SUPPLIED DATA
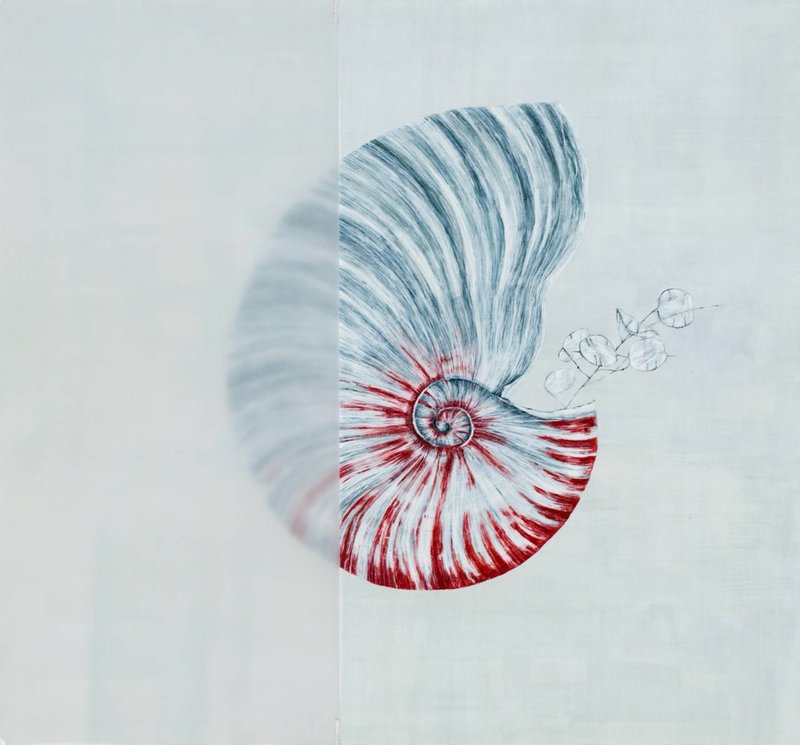 Leila Ghandchi, Untitled, 2022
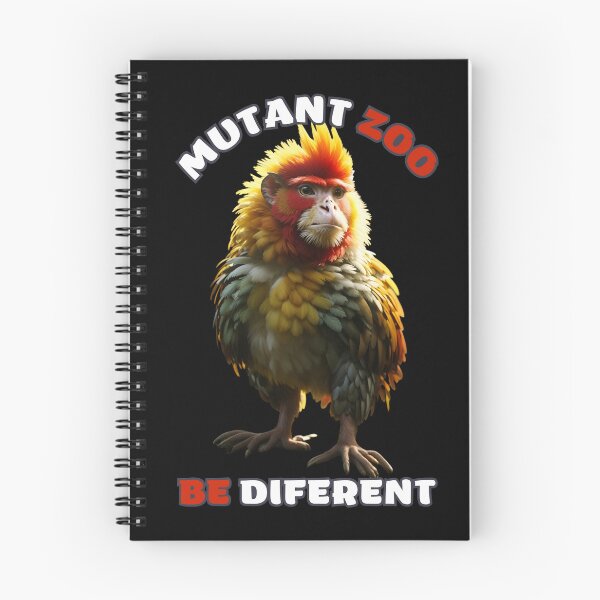 Item preview, Mutant creature rare combination between a monkey and a rooster designed and sold by Carlos Gudino.
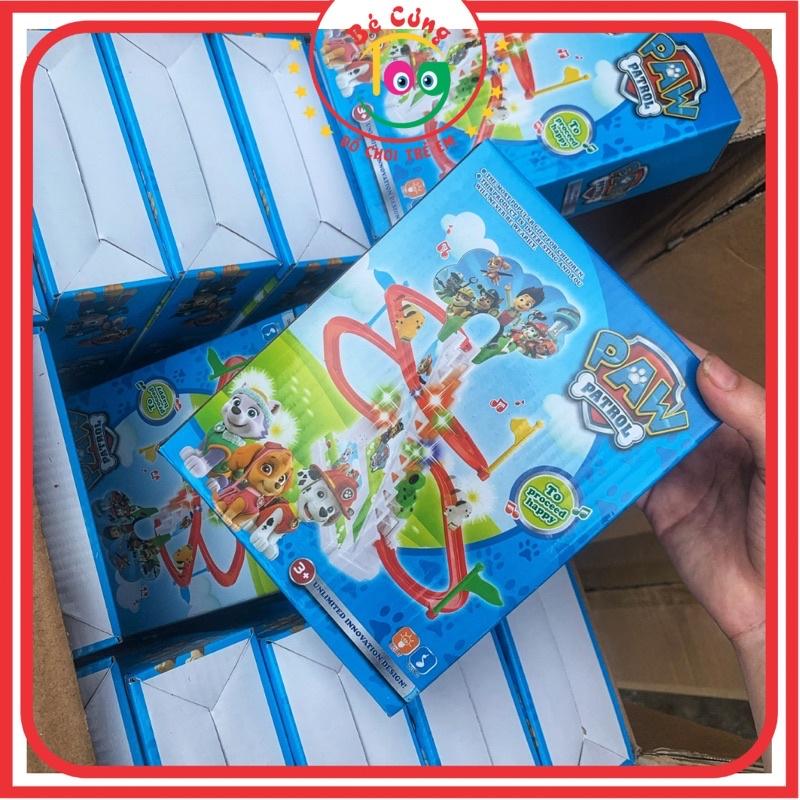 Đồ Chơi Chó Cứu Hộ Paw Patrol, Đội Bay Siêu Đẳng Leo Thang Cầu Trượt Có Đèn Nhạc Vui Nhộn Dành Cho Bé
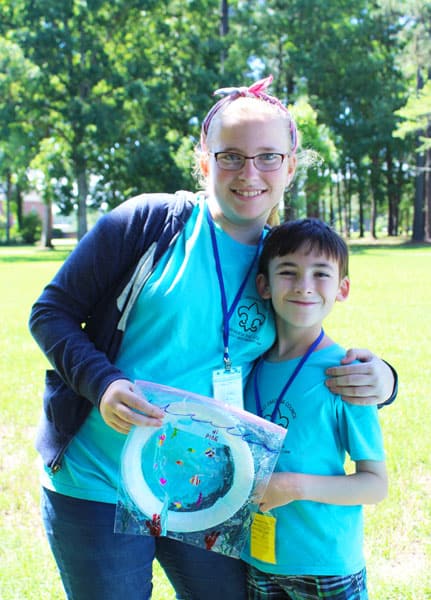 cub scout camp at NC Wesleyan University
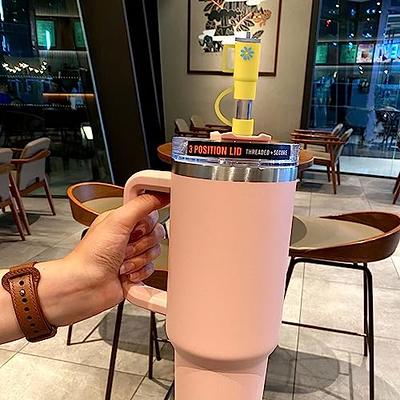 8 Pcs] Straw Cover Topper for Stanley - 10mm Silicone Straw Cap for Stanley  40 30 Oz Tumbler with Handle Stanley Cups Accessories - Yahoo Shopping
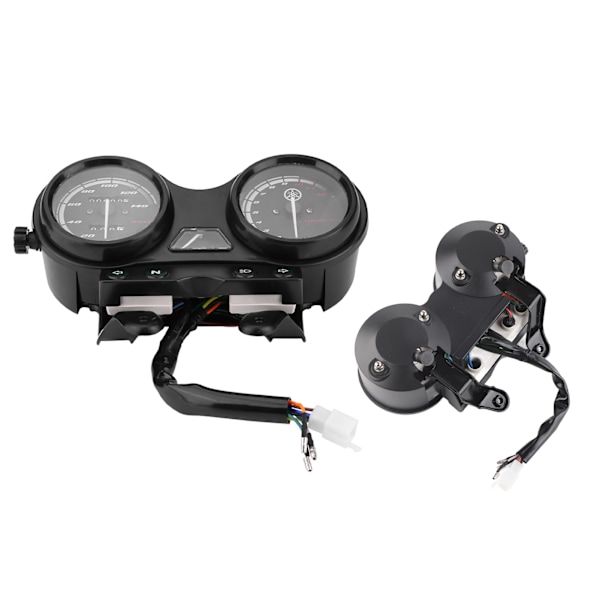 DC 12V motorcykel 12000RPM LCD vägmätare Hastighetsmätare Passar för YBR 125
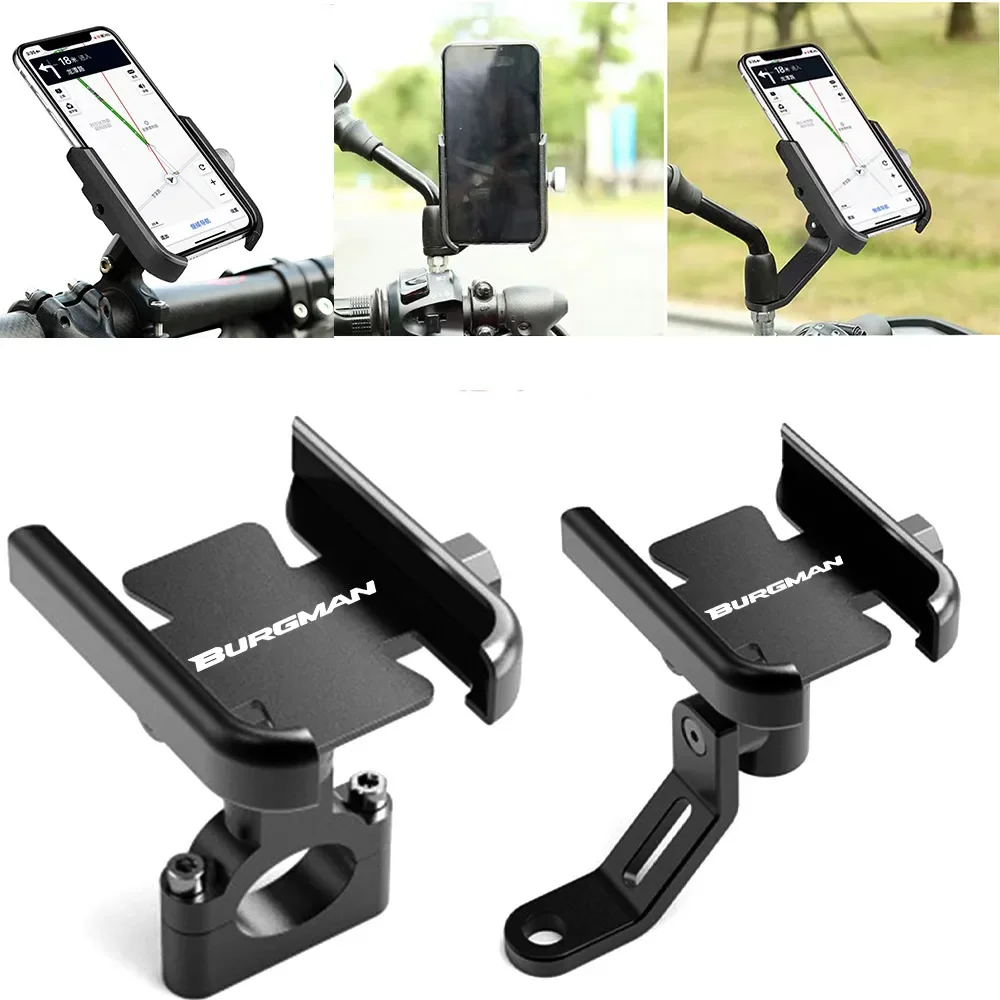 Motorcycle Accessories Mobile Phone Holder GPS Mirror Bracket For Suzuki Burgman AN 650 400 125 200 250 AN125 AN200 AN400 AN650
Motorcycle Accessories Mobile Phone Holder GPS Mirror Bracket For Suzuki Burgman AN 650 400 125 200 250 AN125 AN200 AN400 AN650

BRIEF
Please set down the records exactly, and keep every image out of the copy.

OUTPUT OF THE TASK
 Leila Ghandchi, Untitled, 2022
 Item preview, Mutant creature rare combination between a monkey and a rooster designed and sold by Carlos Gudino.
 Đồ Chơi Chó Cứu Hộ Paw Patrol, Đội Bay Siêu Đẳng Leo Thang Cầu Trượt Có Đèn Nhạc Vui Nhộn Dành Cho Bé
 cub scout camp at NC Wesleyan University
 8 Pcs] Straw Cover Topper for Stanley - 10mm Silicone Straw Cap for Stanley  40 30 Oz Tumbler with Handle Stanley Cups Accessories - Yahoo Shopping
 DC 12V motorcykel 12000RPM LCD vägmätare Hastighetsmätare Passar för YBR 125
 Motorcycle Accessories Mobile Phone Holder GPS Mirror Bracket For Suzuki Burgman AN 650 400 125 200 250 AN125 AN200 AN400 AN650
Motorcycle Accessories Mobile Phone Holder GPS Mirror Bracket For Suzuki Burgman AN 650 400 125 200 250 AN125 AN200 AN400 AN650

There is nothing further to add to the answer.